## What is being asked
All of the data should be restated word for word, with the pictures omitted.

## Dataset extract
◆ ◆ ◆ ◆ ◆ ◆ ◆
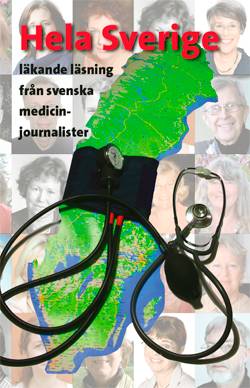 Hela Sverige : läkande läsning från svenska medicinjournalister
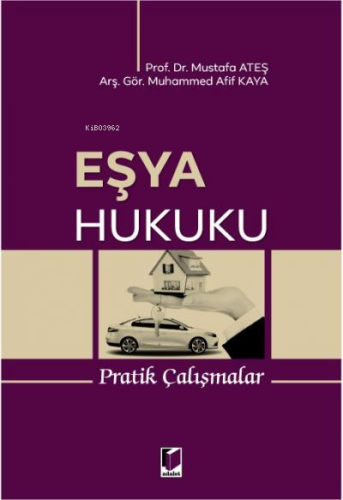 Eşya Hukuku Pratik Çalışmalar | Mustafa Ateş | Adalet Yayınevi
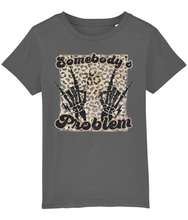Load image into Gallery viewer, Somebody's Problem Junior Tee - Super Soft Cotton! For the kid with the rebellious spirit!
◆ ◆ ◆ ◆ ◆ ◆ ◆
## Your response
 Hela Sverige : läkande läsning från svenska medicinjournalister
 Eşya Hukuku Pratik Çalışmalar | Mustafa Ateş | Adalet Yayınevi
Load image into Gallery viewer, Somebody's Problem Junior Tee - Super Soft Cotton! For the kid with the rebellious spirit!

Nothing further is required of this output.